Check your local hardware store, many carry thin washers called bushings or spacers.
Worked for this repair.
yea thanks didn't get to the stores yet, I thought maybe some company manufactured them
We sometimes take the top bushing and run Babbitt around under the top flange, and then lathe it to the size, or thickness you need before you press it in.
It will look like factory, and not a washer under a flange.
Some times we also take a thrust bearing and fit it between the flange and the axle, so it never wears again.
The shim washers are called "machinery bushings" here.
I have to ask though, why are you worrying about it? I know I wouldn't
One thing you do need to be careful about. IF (that big "IF" again) the wear is such that the spindle (pin itself) is loose in the top hole of the axle? It can lead to a potentially disastrous breaking of the king-pin. It all depends on what wore and how badly. If the king-pin seized into the spindle, and steering the car wore the top hole more than the bottom (where the pin threads into) is a BAD combination. The big problem being that the top hole wears off to the inside (due to the weight distribution) and becomes difficult to properly repair without the proper repair tools. I have read about both Stevens (?) (Stevenson?) and K R Wilson (?I think?) axle repair tools. Someone (I hate to say I am not sure who) has remade some of the tooling for these. Hopefully, one of several people much more familiar with this job will chime in with worthwhile information.
A very good close friend of mine many years ago broke a king-pin on his Rajo racing car at about 90 mph and had an exciting time pulling the car onto the shoulder of the freeway before getting a ride for his truck and trailer.

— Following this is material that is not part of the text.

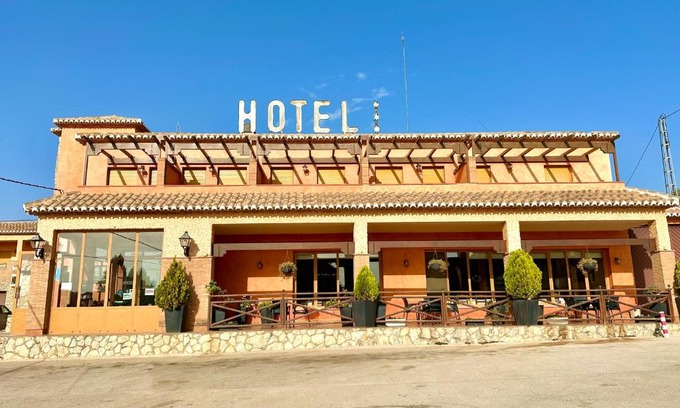 Alhama de Granada Hotel | Hotel Restaurante Los Caños de la Alcaiceria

It was later determined the king-pin broke because the axle was loose in the top, and tight in the threads (just how it had managed to wear) and the stress on the new king-ping caused it to break at the top of the threads on the bottom end. It twisted the axle, and laid the wheel back somewhat causing it to steer very badly. If the king-pin had gone ahead and broken also at the top (instead of twisting the axle) the wheel probably would have dropped out and he likely would have been killed at that speed.
I often say a prayer of thanks that he was not hurt that time (or a few others), as he is one of the best friends I have ever had.
Do drive carefully, and enjoy, W2
Les I constantly here about the model T shimmy problem so I'm trying to get the front end as tight as possible. .030 is substantial, why not put a shim in???
Sure, I also got a 0.030 play between the axle and the spindle when I built the front axle on my primitive pickup. Fortunately I found a couple of fitting aluminum washers in my stash and put them on the underside where the axial forces aren't as high. Tightened the spindle bolts until there was just a little drag when turning the spindles.
When I first backed up with the pickup I thought it was much steadier than other T's, but now after some 1400 miles it has loosened up some and the steering is as squirrely in reverse as any T, though no shimmy when going forward, and that's most important ;)
I think Jack Putnam has some of those tools.
It's not important to remove that clearance. It'll never be a problem. Especially only .030".
I see your additional post above. Clamping down on the axle yokes to make drag on the spindle is a poor way to eliminate shimmy. Especially since any gap there is not the cause of shimmy in the first place. It's a band-aide fix. After just a little bit of wear, the drag will go away and your shimmy will return. The main cause of shimmy is play, or lost motion, in one or more of the components of your steering linkage.